Покаяться пред Богом — не напрасно.
А перед женщиной…
…Пока твоя душа не заметалась –
последний вздох или последний вскрик –
будь с ней, с которой искренне венчалось.
«Золотое сечение», отражая закон красоты, вычисляется по формуле, имеет иррациональное значение, что наводит на мысль о духовно-мистическом содержании реальности и творчества. Богослов-философ Павел Флоренский отмечал «особую стойкость произведений искусства “проработанных духом”». С первого взгляда кажется, что «золоте сечение» относится только к форме материальных объектов, но истинное его выражение подчинено внутренним, божественным, духовным закономерностям мира.
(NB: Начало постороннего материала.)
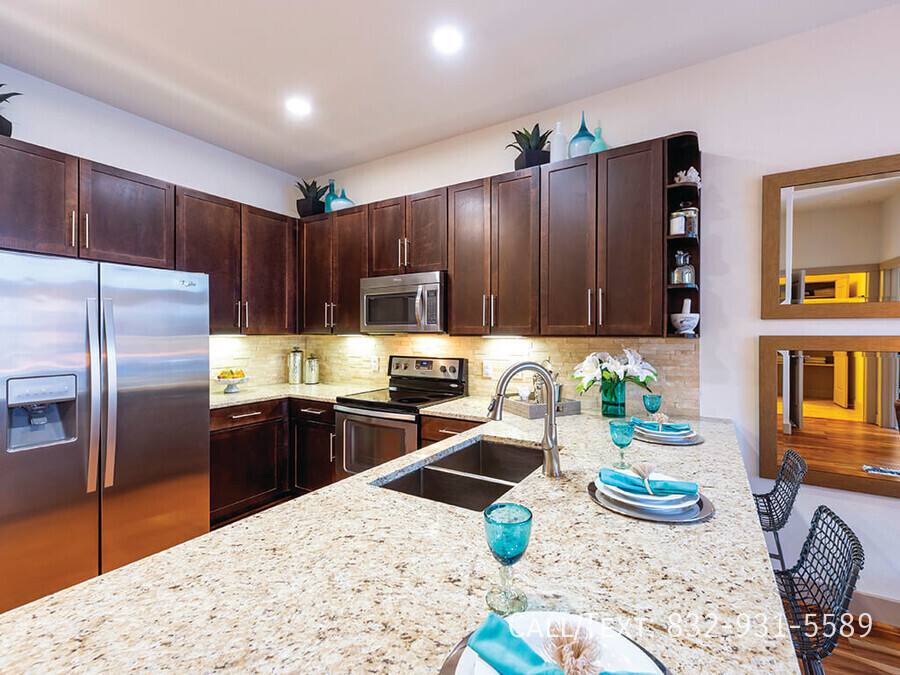 Apartment for rent at 2099 Travis St #B3A1, Houston, TX 77002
При всех своих особенностях творчество Геннадия Иванова вписывается в классическую картину мира: «Золотая организация действительности торжествует повсеместно, начиная с нашей Солнечной системы и заканчивая пестиками и тычинками в ботанике. Ее всеприсутствие выступает, в силу фундаментального принципа Кюри, как наблюдаемый след тотального и невидимого деятеля». Который предоставляет человеку свободу выбора – «встроится в мир» или отказаться от него. По мысли философа Н.Ф. Лосского, переживание однобытия с миром возможно только в любви, это подтверждает и поэзия Геннадия Иванова.
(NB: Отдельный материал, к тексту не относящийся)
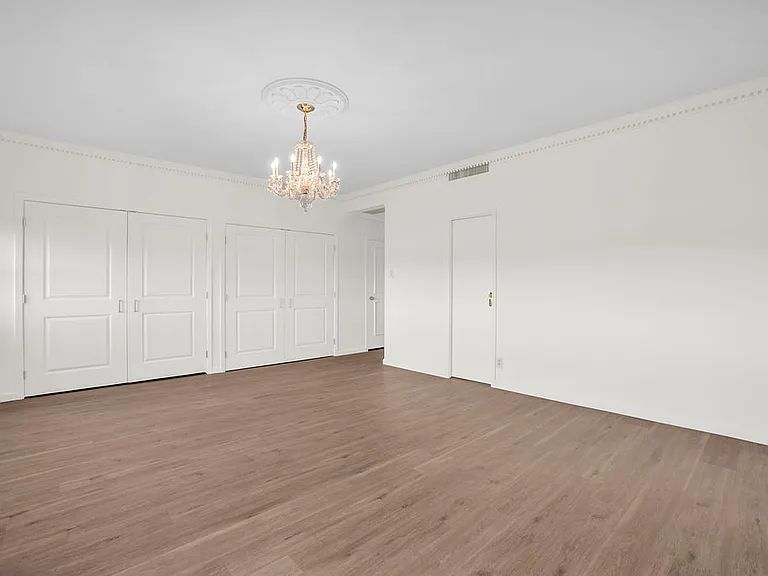 6335 W Northwest Hwy #411 — Photo 25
О чём писать, когда достигнешь рая? Сияет солнце много дней подряд ‒ Лучи в реке искрятся и горят, А я брожу, от счастья замирая, То у воды, то в роще, то в цветах... О чём писать? О том, что жизнь прекрасна? О том, как чудны песни райских птах? О чём писать, когда тебе всё ясно... Да ни о чём. Напишем ни о чём ‒ Что рай кругом, и клевер, и ромашки, Что ласточка порхнула над плечом И по воде скользнула без промашки.
Поэт блаженствует в лучах «солнца любви», к которому все должно стремиться. О нем писал философ В. Соловьев, оно озаряет великую поэзию Пушкина, понимавшего, как отметил доктор философских наук А.Л. Казин, что «золото не только благородный металл, а видимое сияние Божией славы» и «христианское приятие вселенной – есть прежде всего благодарность Творцу за свет жизни…». За «свет жизни» Пушкин отдал свою жизнь. Геннадий Иванов тоже борется.
За что?
А вот за это:
В этом мире хорошо и плохо, В этом мире грустно и светло. Но какая б ни была эпоха, А зимой за окнами бело. Снег идет так чисто, благодатно, Делает пушистым все кругом, Черные закрашивает пятна, На стекло садится мотыльком. Снежный воздух радостен для внучки! Мы пойдем по снегу погулять. "Дедушка, возьми меня на ручки". Снег, Россия, внучка - благодать!
Как надо бороться, чтобы победить?
Наверное, так…
Говорят, за звёздными огнями
День и ночь гремит военный гром:
Михаил-архистратиг с воями
Против князя тьмы с его числом…
Я о том доподлинно не знаю —
Знаю только: здесь вот, на земле,
Тьма на свет идёт, на знамя знамя, —
И сверкают молнии во мгле.
… Как они рассеяны печально,
Силы света. Но за ними – Свет!
Он их соберет, и не случайно
Им дарует торжество побед.
Тем убедительнее будет эта победа, чем более сплотятся «силы света», к которым поэт причисляет всех любящих Россию, верующих людей, несущих духовный свет. Правда, духовный свет отдельной, даже глубоко религиозной личности – не когерентный, не согласованный с другими, обладает мощностью невеликой. Но она может быть многократно усилена упорядочиванием, сближением духовных усилий людей. Процесс сближения происходит в Церкви, в Предстоянии пред Божиим ликом, на литургии, в любви к Родине и в служении ей. Много помогает духовному совершенствованию, сплочению сил духовной рати стихи Геннадия Иванова, исполненные веры в Бога, в Россию и в человеческие силы.